Ed ecco, quindi, che il documentario, girato in 8 mesi di corso, ci aiuta a conoscere i protagonisti, uomini diffidenti, che si nascondo dietro alla maschera della rabbia per mostrarsi più forti, finché dopo una serie di esercizi attoriali, respirazione, interazione di sguardi e coordinazione dei movimenti, le barriere si vanificano e i cuori si aprono, le emozioni diventano improvvisazione e, infine, si indossa davvero la maschera, ma quella di Arlecchino o Pulcinella. Perché proprio la Commedia dell’Arte? «Attraverso quei caratteri l’uomo oppresso dal carcere trova libertà espressiva. La Commedia dell’Arte di fatto è una storia universale che presenta tutte le dinamiche sociali, è una sfida al potere che vuole contrastare l’amore, ci sono i ricchi e i poveri e i servi che spesso la fanno in barba ai loro padroni».

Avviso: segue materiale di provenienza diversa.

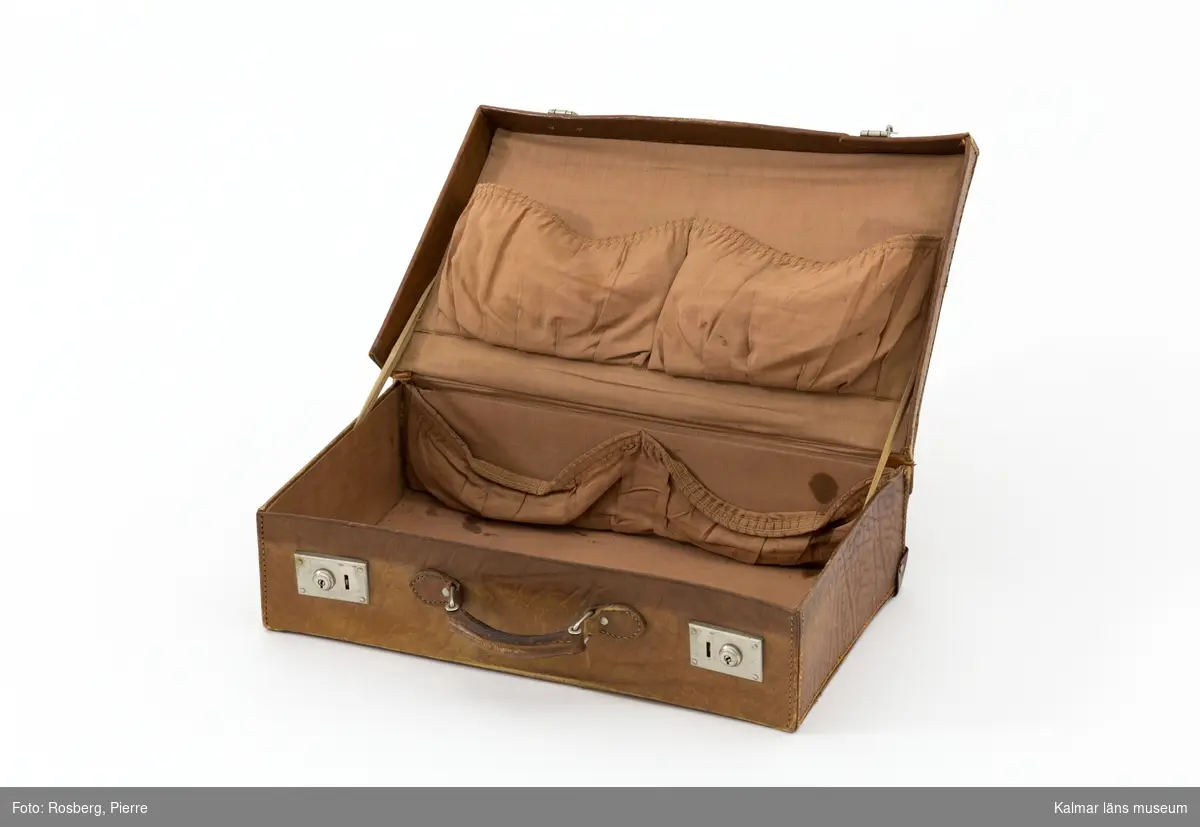 KLM 28668:243. Väska. Liten rektangulär resväska av ljusbrunt läder med handtag och två förnicklade lås. Två nycklar finns. Skoningar av hård papp på två av bottenhörnen. Foder av ljusbrun moiré med fickor i botten och lock. Måtten tagna med väskan i liggande position.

L’Italia ha un ruolo importante: «Siamo venuti a recitare a Spoleto e anche a Milano dove ho incontrato Dario Fo che è stato grande fonte di ispirazione». Il momento più tenero del documentario è quando i detenuti-attori, non senza timidezze e paure, portando in scena la loro commedia per i parenti che non vedono da molto tempo. Le lacrime delle madri, gli abbracci alle fidanzate e le risate con i figli dicono più di molte parole. «Le madri soprattutto vedono cambiati questi uomini prima pieni di rabbia in uomini nuovi – conclude Robbins – e ritrovano i bambini che hanno conosciuto. Questo per me vale tutto».